Um estudo recente do Ipam concluiu que uma eventual escalada do desmatamento ameaçaria o equilíbrio climático no Brasil. Os territórios na Amazônia formam um estoque de 55 bilhões de toneladas de carbono, equivalente a 26 anos de emissões brutas do Brasil em gases de efeito estufa.
Mas justamente pelo impacto das mudanças climáticas, a seca na safra de milho 2015/2016 no Brasil causou quebra de 18 milhões de toneladas – um prejuízo de R$ 11 bi de reais. Na safra 21/22, as perdas foram de 5 milhões de toneladas, que custaram R$6 bi de reais. Nessa mesma safra, episódios de seca causaram perdas de 21 milhões de toneladas de soja, um prejuízo de quase R$ 40 bi. Mas, os impactos da Seca e de altas temperaturas podem aumentar a incidência de pragas e doenças aumentando ainda mais o custo do produtor.
A conta não fecha. Para produzir mais, aumentamos a área de desmatamento, o que impacta diretamente no clima. O aquecimento global, por sua vez, reduz a produtividade da lavoura. Estamos verificando o início de uma espiral sem fim e a agricultura mundial precisa enxergar isso.
Para romper esse ciclo, pesquisadores no mundo todo estão empenhados em usar o conhecimento científico para ajudar a resolver o problema da produtividade. Dentre os muitos caminhos possíveis, a edição genômica chega para mudar o cenário da biotecnologia visando assegurar maior sustentabilidade na produção de alimentos.

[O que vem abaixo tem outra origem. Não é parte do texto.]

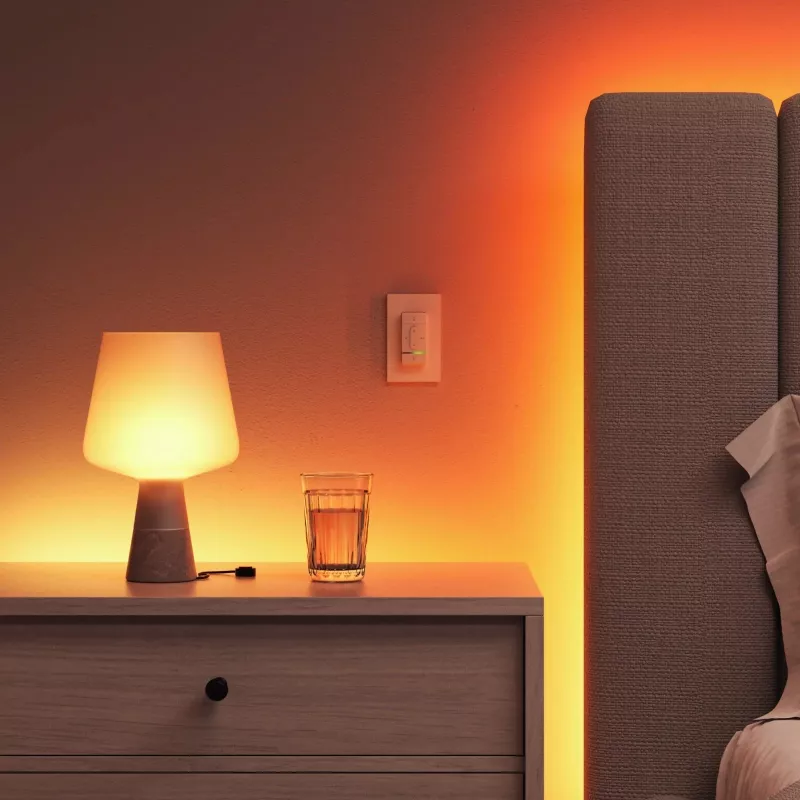 Interruttore radio intelligente Nanoleaf N4400C02-1BUT — a batteria, controllo personalizzabile per luci e dispositivi intelligenti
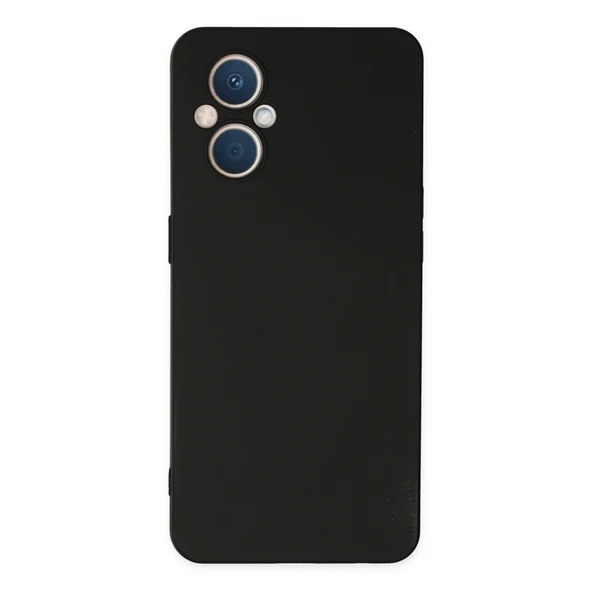 Oppo Reno 7 Lite Kılıf Nano İçi Kadife Silikon - Siyah ürün görseli 1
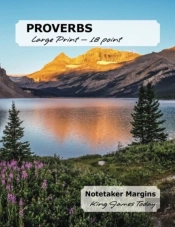 Proverbs Large Print - 18 Point: Notetak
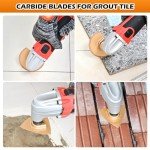 97-Piece Titanium Oscillating Tool Blade Set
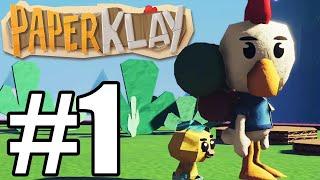 PaperKlay Gameplay Walkthrough Part 1 - World 1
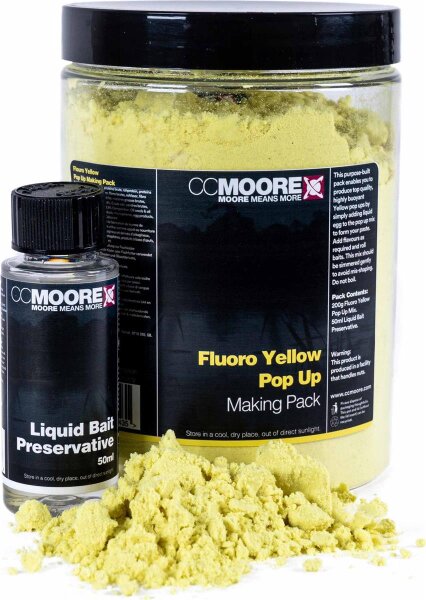 CCMoore Fluoro Yellow Pop Up Making Pack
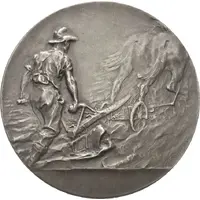 Agricultural award medal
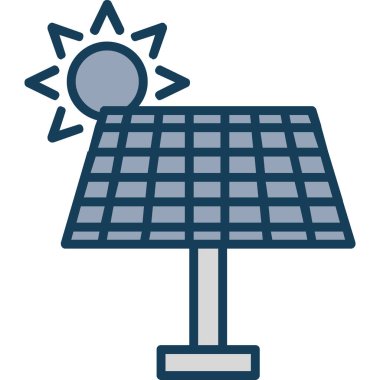 solar panel vektör modern simgesi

Mas o que é a edição genômica? A ciência descobriu que existem mecanismos de defesa das bactérias contra vírus, e que esse mecanismo é dado pela presença de genes que codificam enzimas, chamadas nucleases. Elas reconhecem pequenas regiões no genoma do vírus e o cortam. Na edição genômica, usamos essa mesma enzima para fazer pequenas modificações no genoma das plantas. Essas alterações nos levam a desenvolver culturas mais resistentes a pragas e doenças e melhor adaptadas a mudanças climáticas, capazes de crescer e se desenvolver com menos água e fertilizantes químicos. Variedades resistentes a pragas e doenças deverão reduzir significativamente o uso de pesticidas. Tudo isso sem transgenia, apenas “editando” os genes – um processo que a própria natureza utilizou durante os milhões de anos de evolução das espécies.
Plataformas de edição genômica têm sido utilizadas para variedades mais resilientes e produtivas em diferentes culturas. Por exemplo, uma pequena alteração produzida por edição genômica pode ser usada para desenvolver variedades de soja resistentes à ferrugem asiática. Para combater essa doença, atualmente são pulverizados defensivos agrícolas que custam 2,9 bilhões de dólares por safra aos agricultores.
Investir em ciência e tecnologia, pode dar ao mundo uma forma de contornar o grande desafio da humanidade na produção de alimentos, combatendo pragas, doenças e preservando o meio ambiente. São inovações que têm impacto econômico, ambiental e na saúde humana, pois favorecem a diminuição da aplicação de defensivos químicos.
É possível, sim, promover um aumento sustentável das produções agrícolas com safras mais eficientes, que produzam mais num menor espaço e ainda poupam recursos naturais. Para isso, ciência e inovação constituem a base do futuro da humanidade em algo tão básico que é a produção de alimentos.
Sobre Paulo Arruda
Paulo Arruda é sócio-fundador e Chief Executive Officer da InEdita Bio. Foi pioneiro na área de biologia molecular e genômica de plantas no Brasil, ganhando notoriedade mundial por seu trabalho na área. Formado em Biologia, é professor da Universidade Estadual de Campinas, onde coordena o Centro de Genômica Aplicada às Mudanças Climáticas. Paulo Arruda tem extensa lista de publicações de artigos científicos em revistas internacionais de alto impacto. É membro da Academia Brasileira de Ciências (ABC), da Academia Mundial de Ciências (TWAS), da Academia de Ciências do Estado de São Paulo e da Ordem Nacional do Mérito Científico. Foi sócio-fundador da Alellyx Applied Genomics, empresa pioneira em biotecnologia agrícola no país.